[The five final images in my “Hat Dance” series, culled from hundreds of separate shots. Click on any image to enlarge it.]
Working in writing, I’ve long known the value of drafts: getting something at all — a prototype — on paper being the obvious priority, followed by some number of “stepwise refinements” (additions, deletions, amendments…), over and over, until you’ve got the finished work before you. (Or, sometimes, until you’re simply wrung out from the repetitious task. But if that “reason” for quitting comes too often, you might as well forget becoming a professional writer.)
But until recently, photography always seemed different to me: why, I wondered, would you take more than one or two photos of essentially the same subject? Sure, maybe something would obviously be wrong with the first, even maybe the second take… the sun ducks behind a cloud, say, or someone inadvertently walks in front of the camera as you click the shutter. Those, you had to re-shoot. But in recording a single moment, you’d have to accept that once gone, the moment couldn’t be recaptured, right?
As I’ve mentioned before, in the last few months I’ve been trying hard to take photography seriously — starting with the very most basic question: what do I mean by “seriously”? Roughly, what I mean includes these elements:
- Really understanding — and practicing — all the “hard” stuff of photography: the interrelationships among shutter speed, aperture, ISO, and the effects that manipulating those interrelationships have on exposure, depth of field, and so on.
- Learning more about what’s possible in post-processing — the latter-day digital counterparts, in software, of what used to require darkroom hijinks: dodging and burning, cropping, manipulating emulsions and the paper itself…
- Controlling the product rather than simply accepting what’s right in front of me: not “settling.”

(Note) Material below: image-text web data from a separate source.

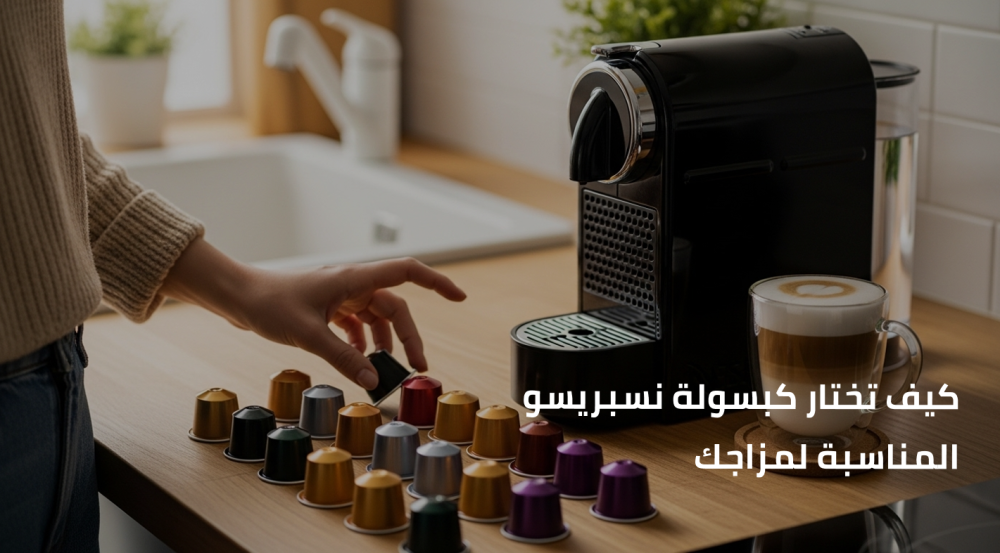 كيف تختار كبسولة نسبريسو المناسبة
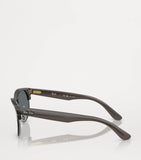 Ray-Ban Clubmaster sunglasses with acetate frame (British brand)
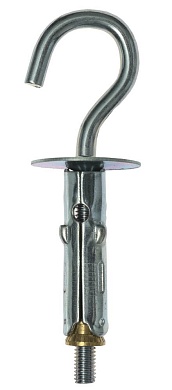 ЗУБР 9 x 46 мм, облегченный анкер с полукольцом, 2 шт (4-302416-05-046)4-302416-05-046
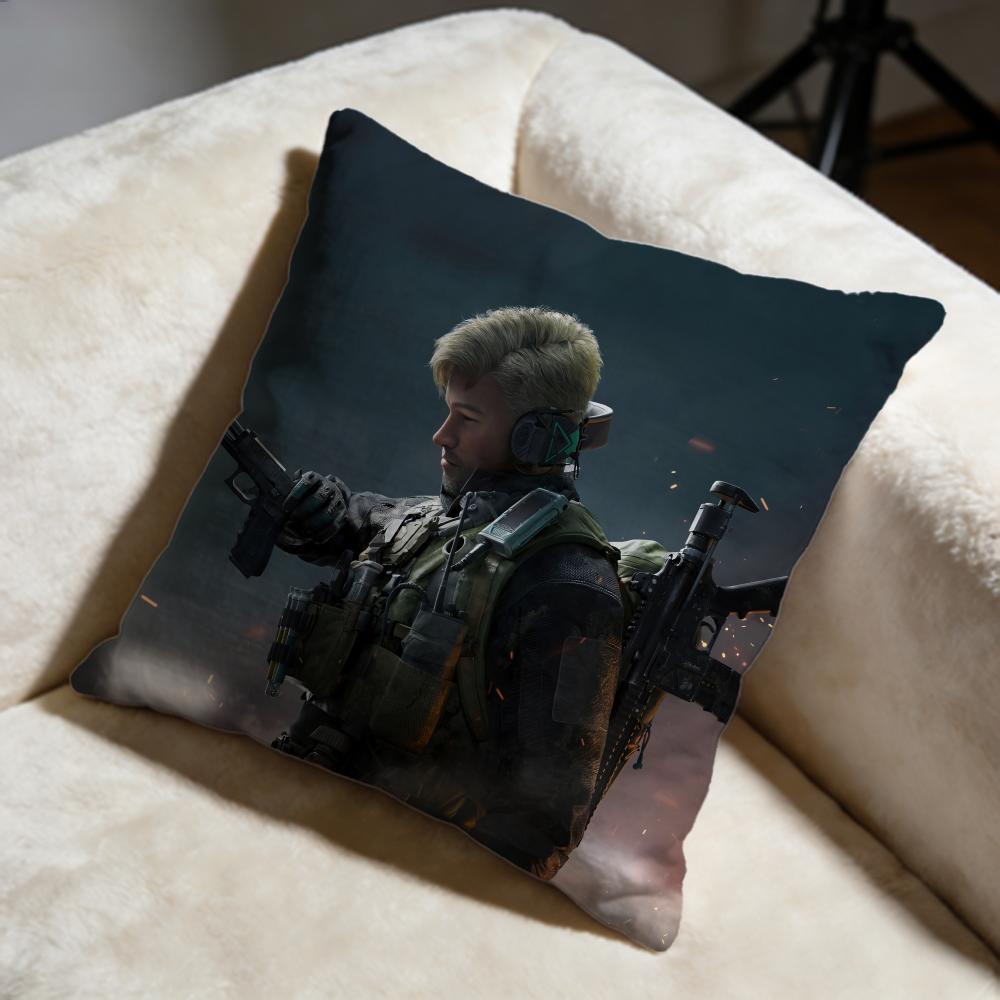 

Trendy DDelta Forceful Cushion Cover Soft Decorative Pillow Case Suitable for Bedroom Sofa Car Travel Use 30X30cm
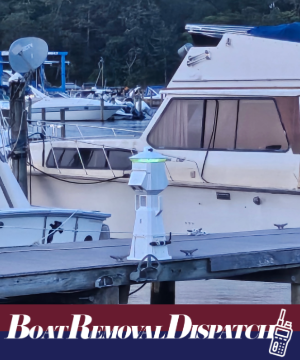 Ocean County, NJ Boat Salvage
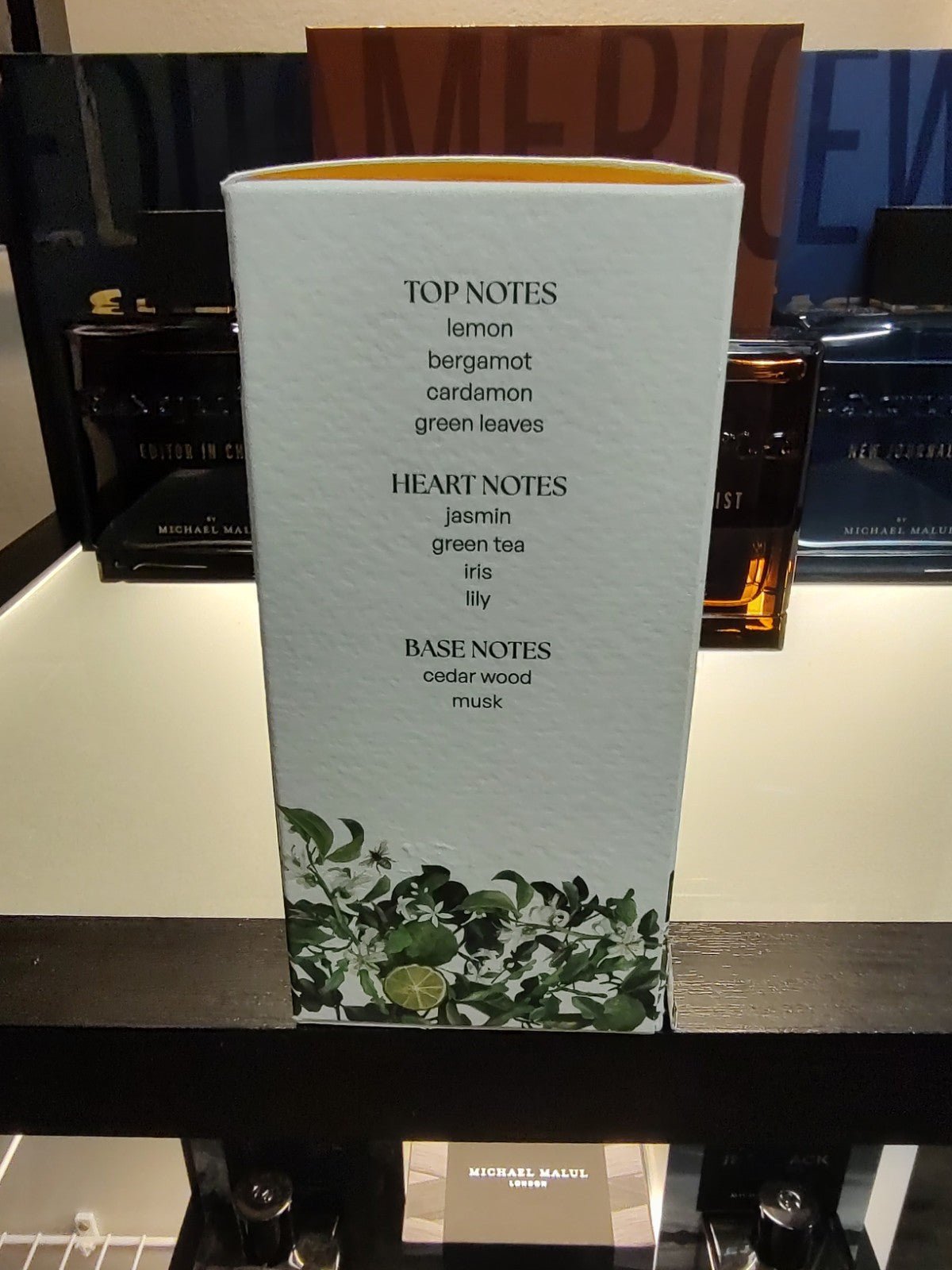 NOU Bergamot Eau de Parfum 50ml / 1.7 fl oz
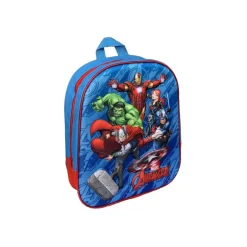 ZAINETTO AVENGERS STAMPA IN RILIEVO 3D SUPEREROI BAMBINI SCUOLA ASILO ELEMENTARI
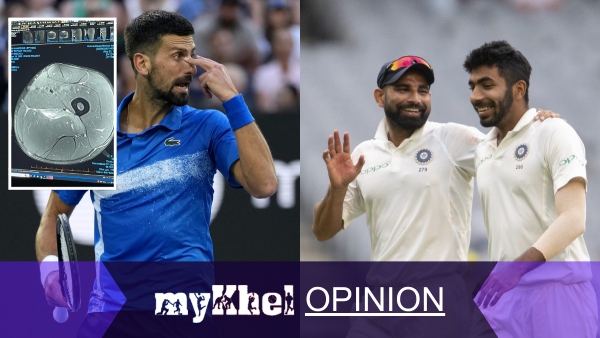 Novak Djokovic Jasprit Bumrah and Mohammed Shami
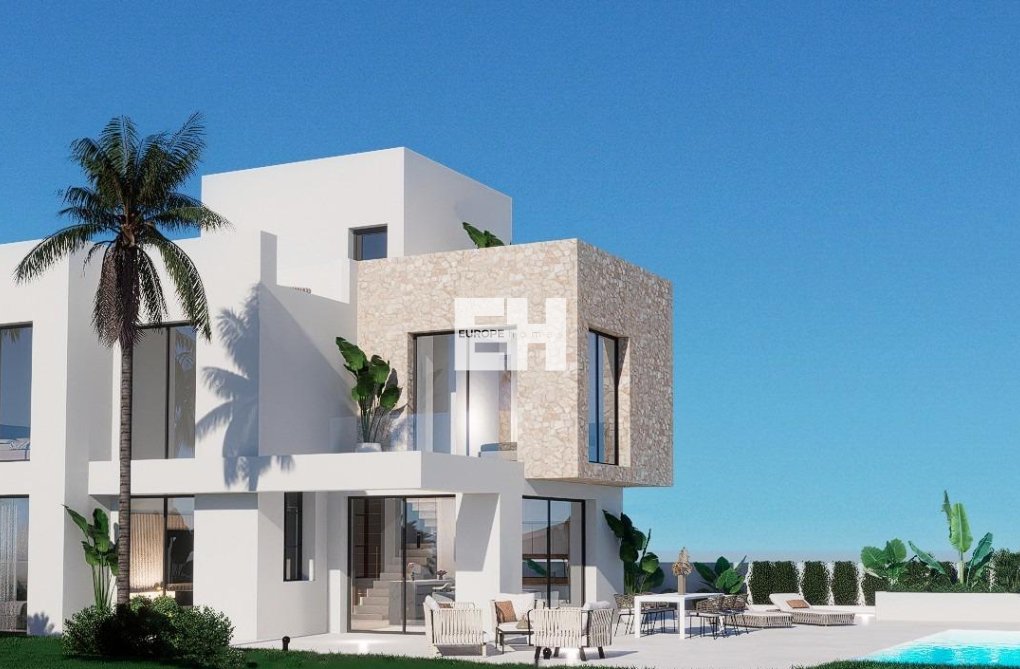 New Build - villa - Finestrat - Balcón de Finestrat
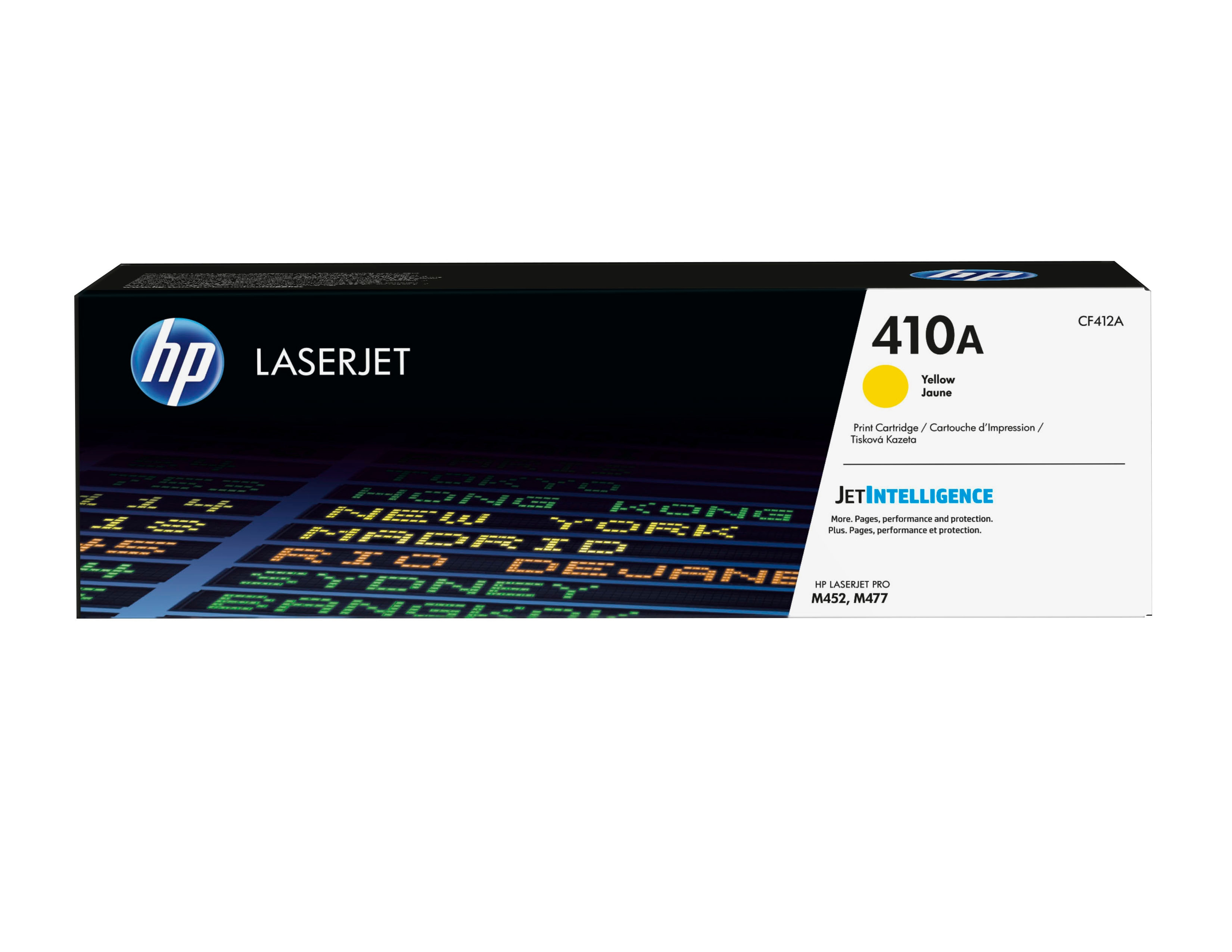 HP Cartuccia Toner originale giallo LaserJet HP 410A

To this end, I’ve been taking advantage of my “free” time for two tasks:
First, I’ve been taking a series of refresher courses in photography basics, through the Great Courses Plus streaming channel. (So far: here and here.)
Second, I’ve set up something vaguely like a “studio” out in our garage. I don’t have a lot of fancy equipment — primarily a moving blanket and a black sheet, used as backdrops, supplemented by a stepstool and various boxes used as “stands” for still-life work and for my off-camera strobe flash. (For the camera itself, I’ve got a couple of tripods.
So what’s the biggest lesson I’ve learned so far? That’s easy, and it brings me back to the first couple paragraphs above: there’s really no reason not to do many takes of the “same” subject, and several legitimate reasons to do so.
Note: One other big change removes pretty much any objection at all to taking many shots of the same subject. I’m referring of course to the cost: developing and possibly printing hundreds of hardcopy photos, vs. simply storing the images on a card.